Source records:

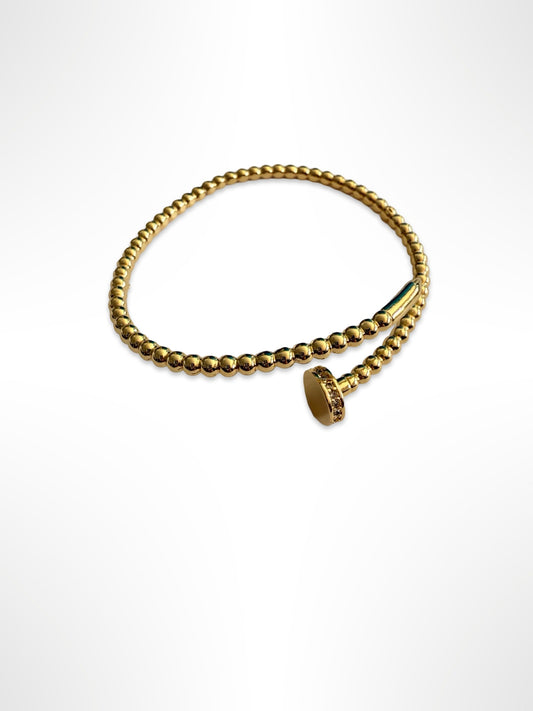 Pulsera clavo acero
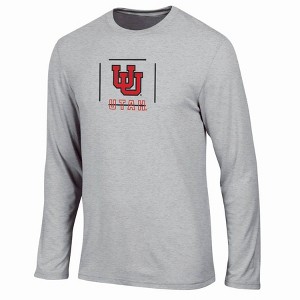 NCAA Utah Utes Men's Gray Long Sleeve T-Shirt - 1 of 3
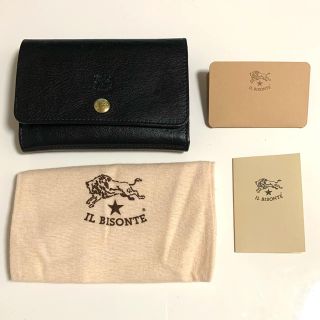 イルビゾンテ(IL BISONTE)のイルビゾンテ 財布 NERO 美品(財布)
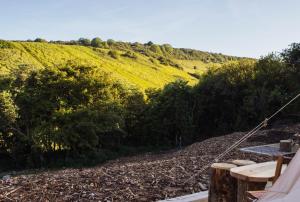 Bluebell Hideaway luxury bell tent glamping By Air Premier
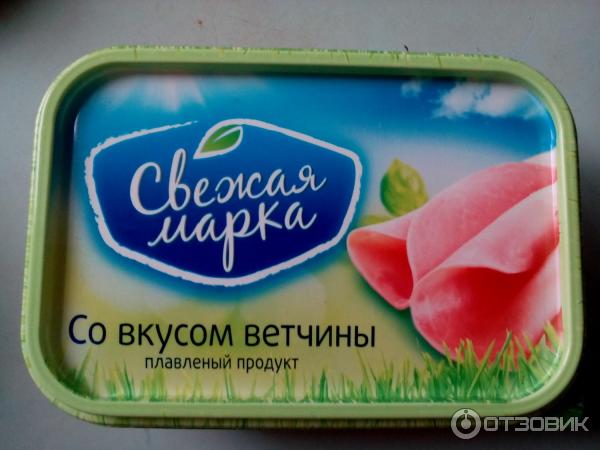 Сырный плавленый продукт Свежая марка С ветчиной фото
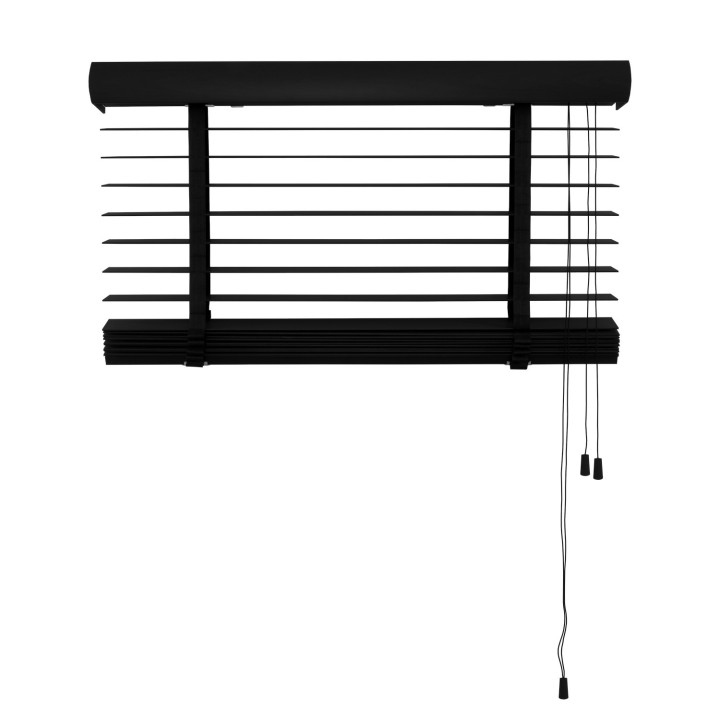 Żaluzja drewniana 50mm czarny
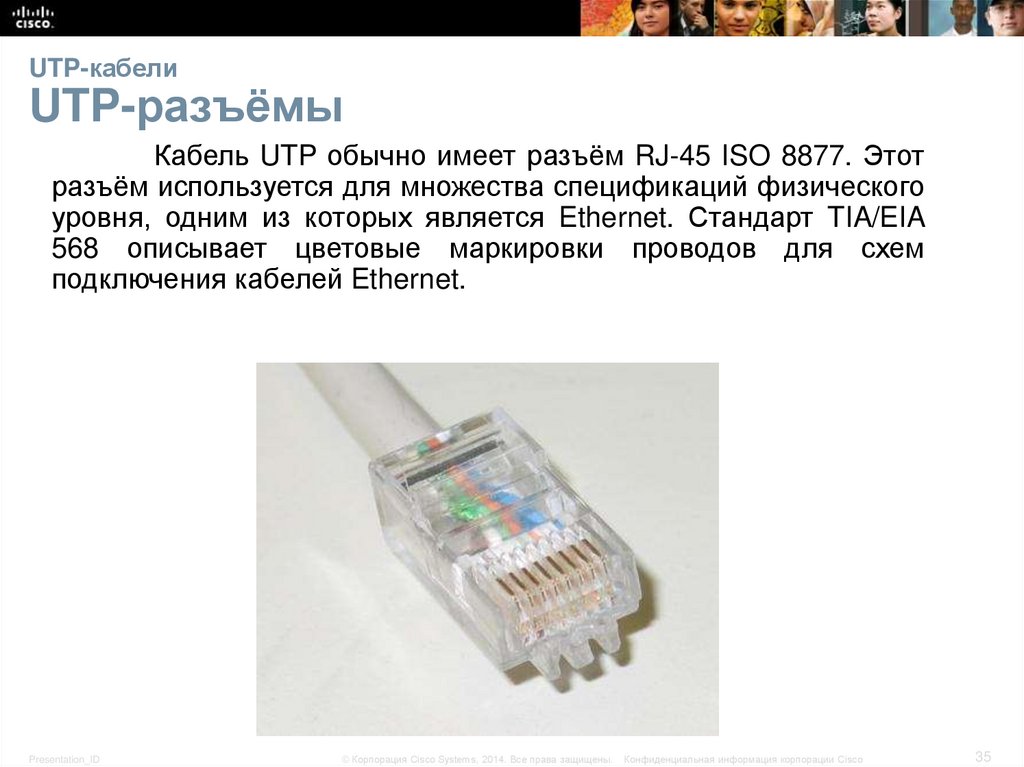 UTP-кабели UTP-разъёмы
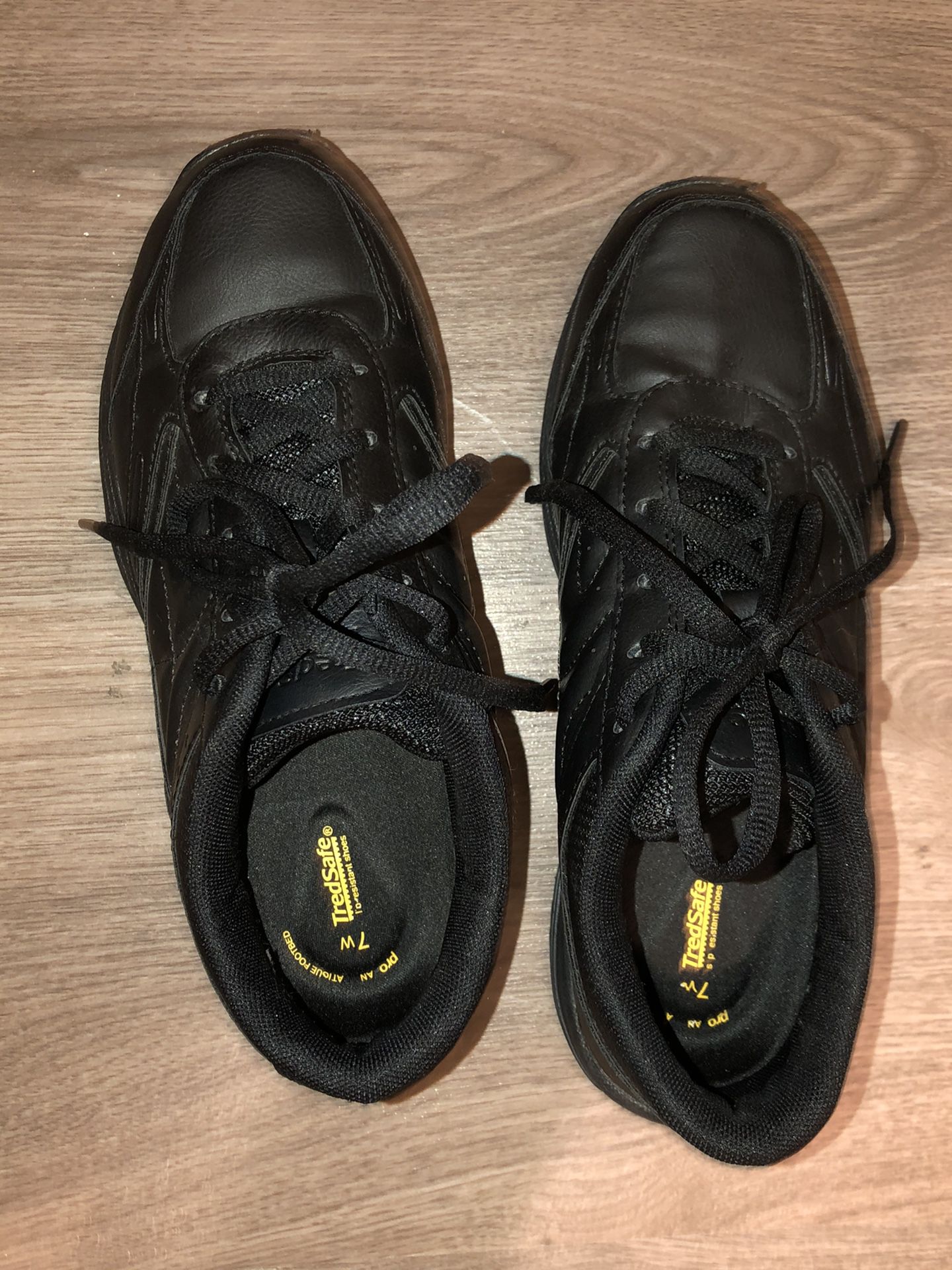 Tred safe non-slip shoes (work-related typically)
...
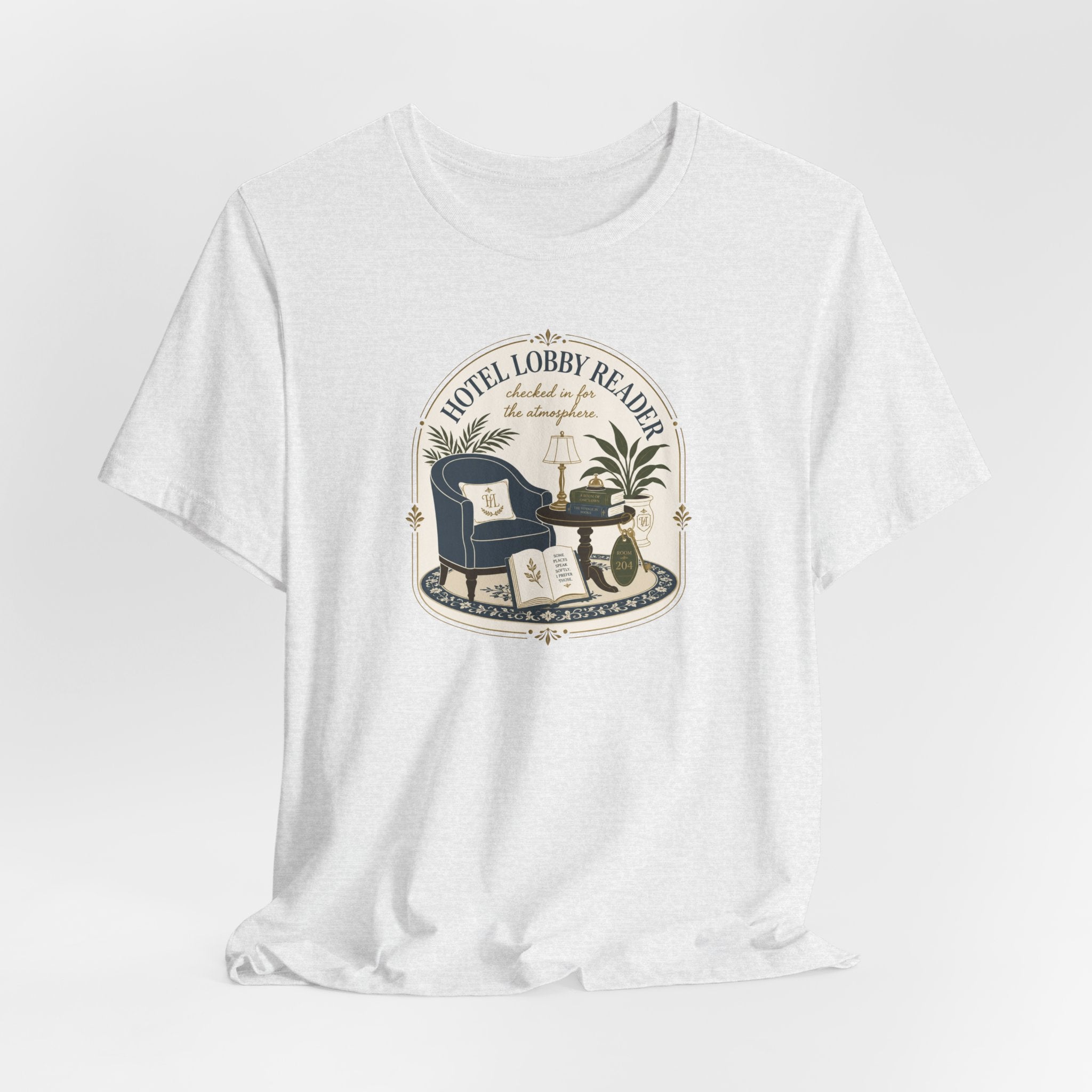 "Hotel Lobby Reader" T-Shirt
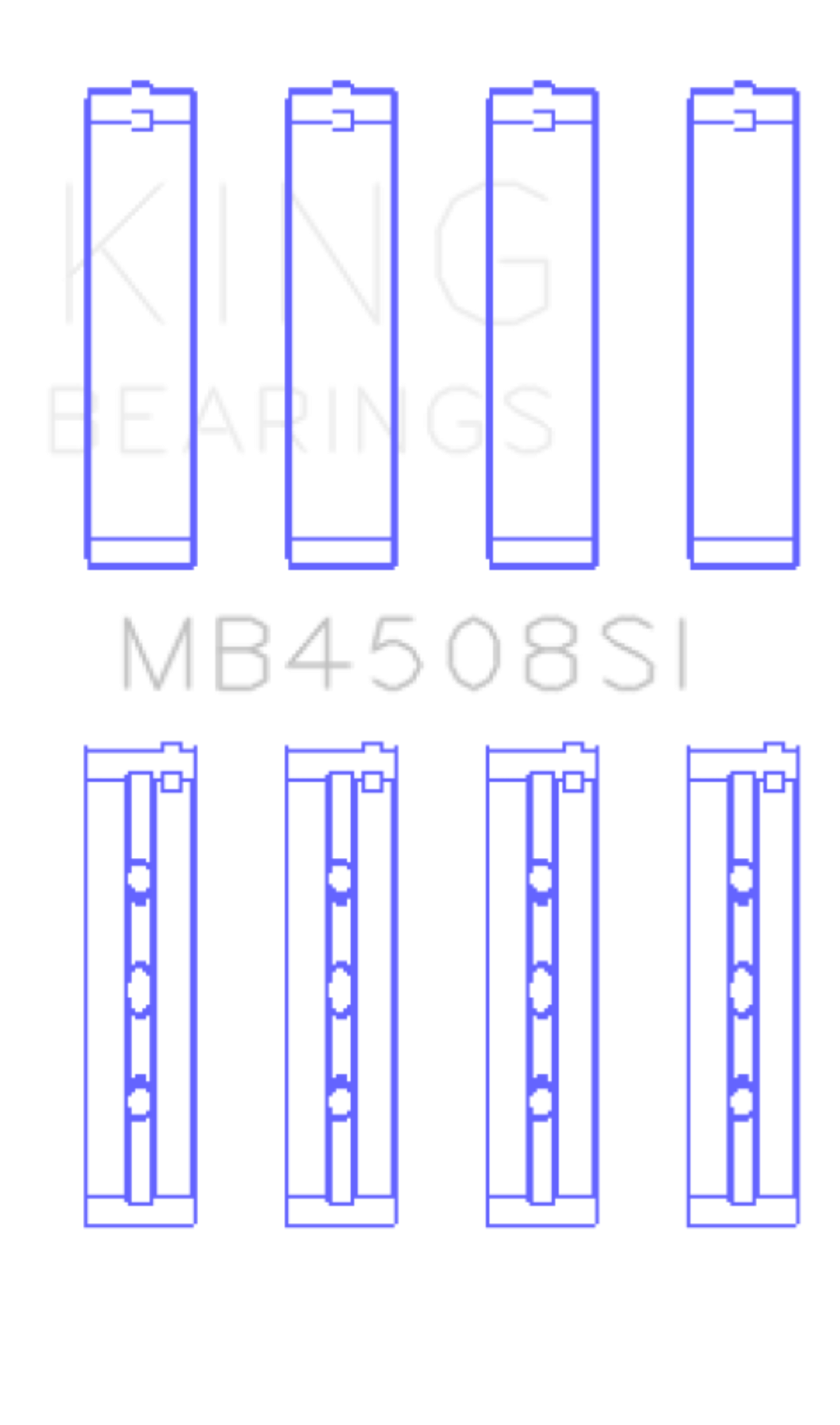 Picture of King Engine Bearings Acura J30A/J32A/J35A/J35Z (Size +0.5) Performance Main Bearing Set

About this exercise: Give back the exact lines above, running from the one that has "Bluebell Hideaway luxury" through the one that has "Tred safe non-slip", with nothing added and no pictures.

Response to the task:
 Bluebell Hideaway luxury bell tent glamping By Air Premier
 Сырный плавленый продукт Свежая марка С ветчиной фото
 Żaluzja drewniana 50mm czarny
 UTP-кабели UTP-разъёмы
 Tred safe non-slip shoes (work-related typically)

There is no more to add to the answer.